» **Work to complete**: Quote only the lines from the top of the listing below down to and including the line with "IDLT sweatshirt, black ribbed hem.".
┌──
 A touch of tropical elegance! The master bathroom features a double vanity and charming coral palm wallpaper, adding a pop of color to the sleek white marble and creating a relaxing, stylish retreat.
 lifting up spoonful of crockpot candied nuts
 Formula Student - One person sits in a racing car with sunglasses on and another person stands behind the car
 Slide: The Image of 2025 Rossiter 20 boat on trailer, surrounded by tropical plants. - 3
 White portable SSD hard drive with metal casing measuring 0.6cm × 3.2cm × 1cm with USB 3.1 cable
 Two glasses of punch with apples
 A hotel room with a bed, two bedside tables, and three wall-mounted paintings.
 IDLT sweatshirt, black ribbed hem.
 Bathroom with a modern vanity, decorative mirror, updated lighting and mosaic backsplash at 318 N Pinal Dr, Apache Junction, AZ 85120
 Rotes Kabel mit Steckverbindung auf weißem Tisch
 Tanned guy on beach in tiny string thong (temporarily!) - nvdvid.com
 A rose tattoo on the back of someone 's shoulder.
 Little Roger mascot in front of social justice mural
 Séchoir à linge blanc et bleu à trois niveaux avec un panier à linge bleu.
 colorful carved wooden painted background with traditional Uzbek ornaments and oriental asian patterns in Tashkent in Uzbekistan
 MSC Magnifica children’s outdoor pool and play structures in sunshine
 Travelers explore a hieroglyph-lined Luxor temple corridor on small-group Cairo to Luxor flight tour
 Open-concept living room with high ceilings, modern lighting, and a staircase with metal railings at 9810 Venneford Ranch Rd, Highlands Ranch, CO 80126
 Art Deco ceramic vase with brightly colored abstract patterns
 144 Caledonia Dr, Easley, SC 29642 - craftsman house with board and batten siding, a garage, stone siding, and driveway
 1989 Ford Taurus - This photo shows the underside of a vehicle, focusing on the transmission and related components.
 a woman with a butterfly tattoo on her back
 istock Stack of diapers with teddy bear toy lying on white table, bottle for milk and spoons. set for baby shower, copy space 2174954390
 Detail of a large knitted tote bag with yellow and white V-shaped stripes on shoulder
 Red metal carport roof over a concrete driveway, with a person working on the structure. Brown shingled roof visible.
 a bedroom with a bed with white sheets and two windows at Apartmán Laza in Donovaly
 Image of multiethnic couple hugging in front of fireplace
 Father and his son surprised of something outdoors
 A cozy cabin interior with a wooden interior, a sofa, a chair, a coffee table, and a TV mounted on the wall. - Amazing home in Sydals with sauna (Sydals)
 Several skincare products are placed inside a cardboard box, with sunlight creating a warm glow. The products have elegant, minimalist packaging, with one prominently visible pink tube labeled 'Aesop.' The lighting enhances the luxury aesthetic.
└──
» **Solution to the exercise**:
 A touch of tropical elegance! The master bathroom features a double vanity and charming coral palm wallpaper, adding a pop of color to the sleek white marble and creating a relaxing, stylish retreat.
 lifting up spoonful of crockpot candied nuts
 Formula Student - One person sits in a racing car with sunglasses on and another person stands behind the car
 Slide: The Image of 2025 Rossiter 20 boat on trailer, surrounded by tropical plants. - 3
 White portable SSD hard drive with metal casing measuring 0.6cm × 3.2cm × 1cm with USB 3.1 cable
 Two glasses of punch with apples
 A hotel room with a bed, two bedside tables, and three wall-mounted paintings.
 IDLT sweatshirt, black ribbed hem.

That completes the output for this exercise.